# My Home Town & High School In The Movies



## SharkBike (Apr 15, 2005)

I just heard an interview with Doug Liman talking about his upcoming film called "Jumper" with Hayden Christensen. Turns out they filmed part of it in my home town...and at my high school. Even cooler, the film's writer, David Goyer, graduated the year after I did, and I knew him a bit.

From IMDB & Wikipedia:

The movie "Jumper" takes place in Ann Arbor, Michigan. The high school depicted in the movie is called Huron High School and area teenagers were allowed an open call to appear as extras in the movies scenes in and around the school. One hundred students were chosen from Huron to be extras for the movie. The screenplay of Jumper was written by Huron High School graduate David S. Goyer and is scheduled for a February 2008 release.

Anybody seen it yet?

(Too bad Hayden Christensen is in it...can't stand his "acting".)


----------



## ncon (Sep 14, 2005)

Wasn't Hayden Christensen the sulky young chap who played/became Darth Vader in the earlier parts of Star Wars??


----------



## SharkBike (Apr 15, 2005)

ncon said:


> Wasn't Hayden Christensen the sulky young chap who played/became Darth Vader in the earlier parts of Star Wars??

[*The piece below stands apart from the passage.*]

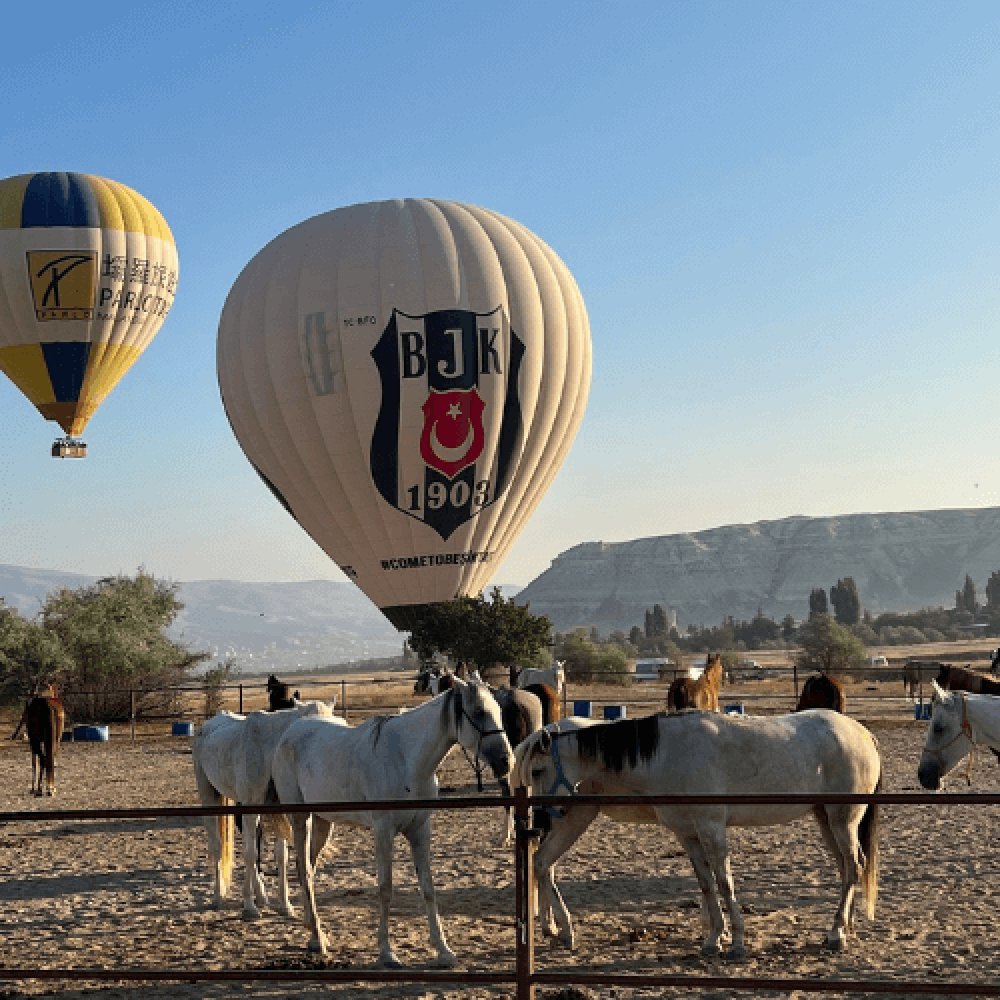 Kapadokya At Turu 1 Saat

Yes...made me want to puke.


----------



## jasonm (Nov 22, 2003)

I havent seen it but it looks great.....


----------



## Stan (Aug 7, 2003)

The bonus is that Sam Jackson's in the film, that should make it worth a look.


----------



## Silver Hawk (Dec 2, 2003)

Stan said:


> The bonus is that Sam Jackson's in the film, that should make it worth a look.


Not necessarily, he's done a few turkeys in his time..."_The Negotiator_" spring to mind.


----------



## JoT (Aug 12, 2003)

Jumper ... the previews have been all over the place .. one of the stars Jamie Bell was on a talk-show over the weekend, quite a cool thing having it shot in your home town









I have no such claims to fame except for a excerpt form the film "51st State" (not recommended despite having Samuel L Jackson in a leading role!) . Part of it was filmed in a street I spent my early years in Liverpool, although in the film they pretend it's Manchester. They film in and around a pub called the Yew Tree on the corner of Finch Lane and Haydn Road ... I lived on Haydn at the end of the clip they are chased up Haydn Rd, I lived just up from the pub ..... it was rough when I was a kid and it is dire now!

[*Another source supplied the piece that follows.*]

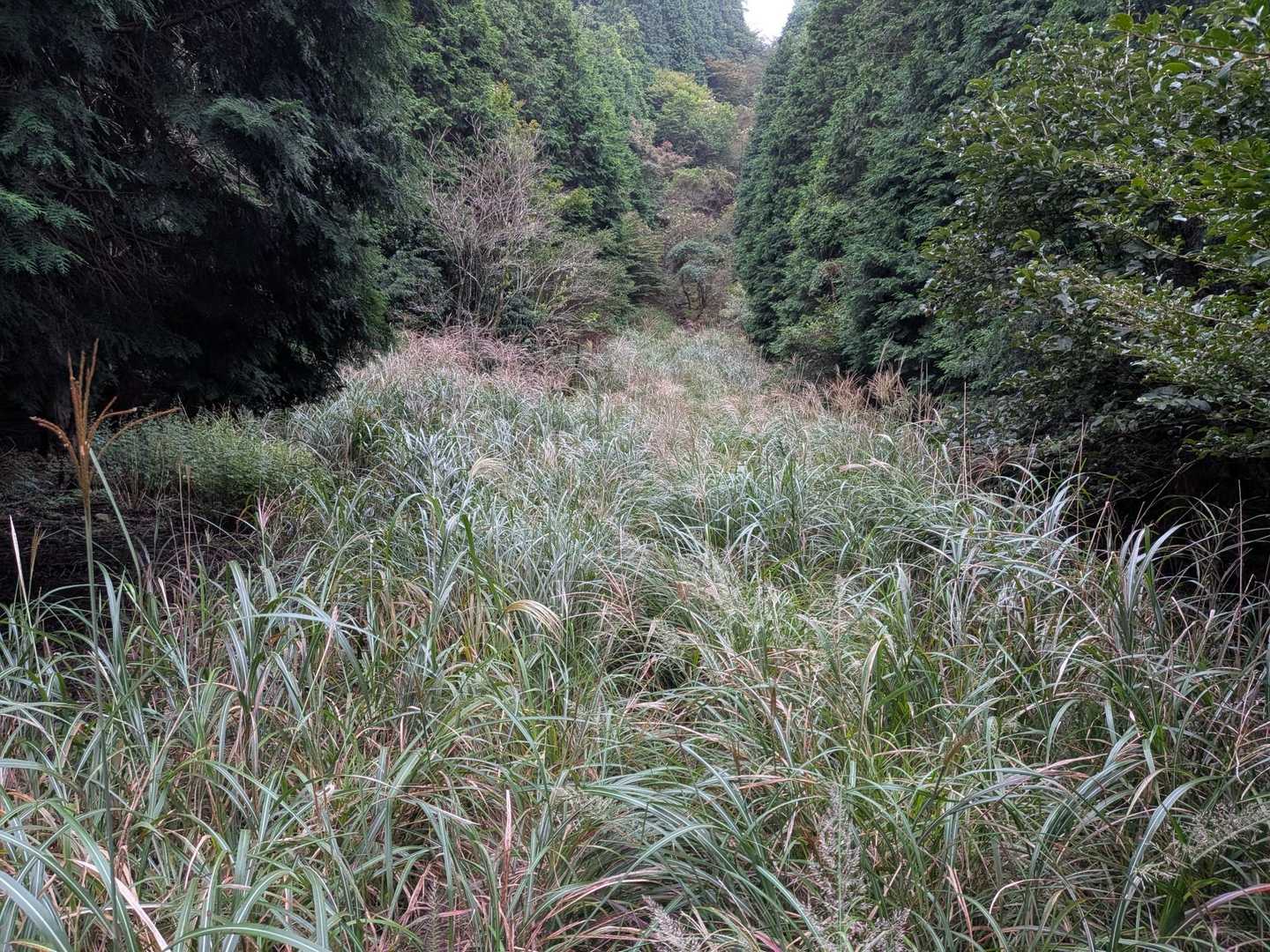 藪漕ぎでした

The relevant part is from 1'40"


----------



## mrteatime (Oct 25, 2006)

my only claim was in the piss poor british film 'green street'. it was a film based on the West Ham "firm" The Inter city fim" (ICF) which they called "the green street elite" (GSE) It was based all around Upton Park and Plaistow (pronounced "Plarstow"







)

The pub they used was down a road called harold road, and my old child hood home was right next to the pub. In fact, they used loads of locations that i grew up around (green street, queens market).

The fact that the film, was, in fact total dog-****, and they cockney accents even worse, i still bought the DVD.

If your wondering what film it is....its got that fella from "the lord of my ring" or what ever its called init.

If anyone would like to borrow the film hen please let me know......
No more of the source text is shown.